Everest Strategy: Pace and Incline Plan for the Orangetheory Benchmark
Everest Is Won Before the Steepest Inclines
The benchmark does not usually fall apart at the top of the mountain. It falls apart much earlier when members burn too much energy on the lower inclines because those speeds still feel manageable.
Your opening choices decide whether the top feels hard-but-possible or completely hopeless.
Plan Around the Climb, Not Just the Distance Goal
A distance goal helps, but Everest is really about how your pace changes as the incline stacks. You want a clear idea of what your opening pace is, where the first reduction happens, and how aggressive you can be on the way down.
That pacing ladder matters more than bravado.

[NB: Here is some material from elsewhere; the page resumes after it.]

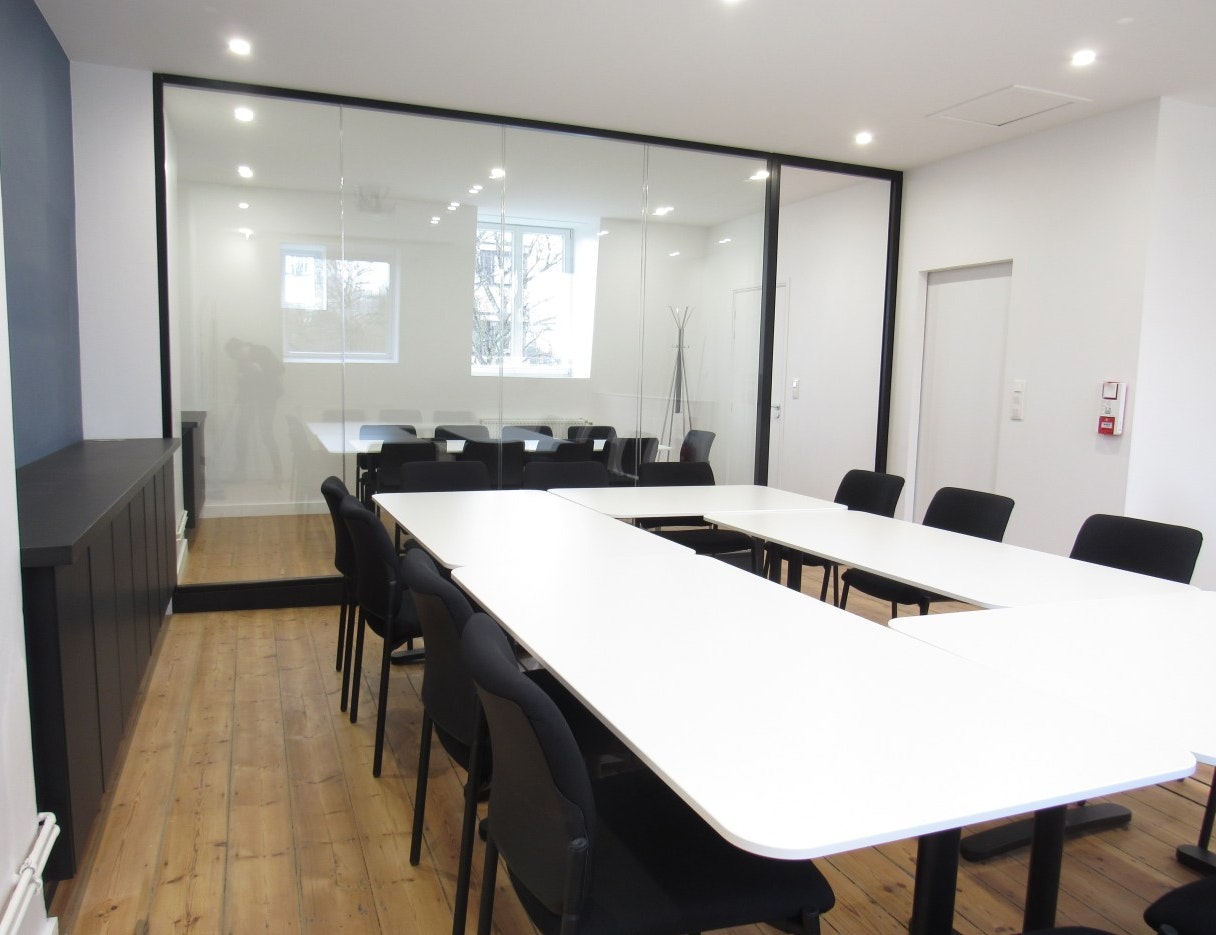 photo Transformation d’une Maison de Maître en Bureaux (250m2) L&D Intérieur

Power Walkers Need a Different Script
Power walkers should treat speed and incline as a pair. The goal is not to mimic runner strategy. It is to keep the effort honest while preserving enough control to stay efficient through the steepest grades.

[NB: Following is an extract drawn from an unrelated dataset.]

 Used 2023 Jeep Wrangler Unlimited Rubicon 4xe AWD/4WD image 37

A smart walking plan feels deliberate at every incline change.
Use the Descent, But Do Not Panic-Chase It
Once the incline starts to come down, it is tempting to make up every missed fraction of a mile immediately. That can work if you still have control, but it backfires if you are already hanging on.
Use the descent to squeeze distance back intelligently instead of sprinting emotionally.
Save the Plan With the Result
After Everest, note not just the distance but also where you adjusted pace, what incline felt like the real breaking point, and whether the descent gave you anything back.
Those details are what make the next Everest attempt feel strategic instead of miserable.